This is a very traditional Hong Kong “Bistro” style cuisine. You’ll never find it in a big fancy full service restaurant. However it is one of the most popular “Winter” comfort food in Southern China region. In Hong Kong, you will find the chef actually cooking hotpot rice outside the restaurants with several hot clay pots in a row at the same time, this also helps to attract people to eat in their restaurant.
Most of you would be familiar with various types of hotpot: Swiss cheese fondue, Japanese shabu shabu, sukiyaki, Korean Stone bowl rice, etc. In hotpot style cooking, you can retain the heat and temperature of the food for a longer time.
Hotpot rice is absolutely a traditional and authentic Cantonese cuisine. The rice is steamed in a clay hot pot with fragrant foods on top.

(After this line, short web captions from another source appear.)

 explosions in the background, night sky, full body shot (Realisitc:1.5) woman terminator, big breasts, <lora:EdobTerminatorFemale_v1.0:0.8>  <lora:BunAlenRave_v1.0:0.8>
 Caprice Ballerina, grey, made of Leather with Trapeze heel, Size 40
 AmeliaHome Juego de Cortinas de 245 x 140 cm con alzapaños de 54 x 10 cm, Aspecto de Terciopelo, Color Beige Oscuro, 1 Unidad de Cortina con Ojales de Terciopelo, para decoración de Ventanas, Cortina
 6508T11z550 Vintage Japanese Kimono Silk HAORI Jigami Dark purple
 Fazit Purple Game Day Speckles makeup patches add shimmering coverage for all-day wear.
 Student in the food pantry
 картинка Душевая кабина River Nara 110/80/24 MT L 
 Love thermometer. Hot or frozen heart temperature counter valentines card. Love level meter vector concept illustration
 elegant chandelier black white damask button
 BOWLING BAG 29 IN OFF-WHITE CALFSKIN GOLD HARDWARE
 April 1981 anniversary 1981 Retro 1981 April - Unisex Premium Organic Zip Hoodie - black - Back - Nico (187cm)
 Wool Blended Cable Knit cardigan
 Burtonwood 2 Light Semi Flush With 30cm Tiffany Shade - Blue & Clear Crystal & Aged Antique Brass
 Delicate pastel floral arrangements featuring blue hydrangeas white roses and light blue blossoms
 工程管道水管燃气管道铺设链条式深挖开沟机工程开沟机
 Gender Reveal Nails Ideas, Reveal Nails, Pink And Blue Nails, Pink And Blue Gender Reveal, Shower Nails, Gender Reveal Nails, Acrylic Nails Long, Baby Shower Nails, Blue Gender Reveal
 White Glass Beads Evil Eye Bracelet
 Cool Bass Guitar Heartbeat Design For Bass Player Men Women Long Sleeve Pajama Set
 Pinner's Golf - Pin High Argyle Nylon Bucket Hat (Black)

Generally, on the top of the rice is often put different kinds of Chinese preserved meat, and as the rice being streamed, both the aroma of the preserved meats and the scent of the clay pot permeate the rice.
I am using chicken today but you can also use pork spareribs in black bean sauce, or salty fish with minced pork.
- It is all right to let the bottom of the rice to “burn” a little to achieve a special “charred” aroma
- Use a mix ½ and ½ long grain rice and Thai jasmine rice
- Use plenty of fresh ginger as this is the soul behind this dish
Free range chicken legs x4 (boneless but skin on and cut into chunk)
Chinese sausages x2 (1x pork and 1x liver)
Chinese preserved duck leg x1
Chinese preserved pork belly x1
Green onion x2 (chopped)
Fresh ginger 1 large piece ( ½ minced and ½ cut in pieces)
Rice 4x cups
Chinese mushroom 4 large cap (pre-soak overnight) or fresh shitake mushroom
Light soy sauce 2 teaspoons
Oyster sauce 2 teaspoons
Kosher salt ½ teaspoons
White sugar 1 teaspoons
White pepper ½ teaspoon
Minced ginger 2 teaspoons
Yellow cooking wine 2 soupspoons
Sesame oil 1 teaspoon
Water 3 soupspoons
Cornstarch 2 teaspoons
Soy sauce for finishing product:
Dark color soy sauce 2 soupspoons
Light color soy sauce 1 soupspoons
White sugar 3 soupspoon
Water 6 soupspoons
Cornstarch 3 teaspoons (mix with the same among of water)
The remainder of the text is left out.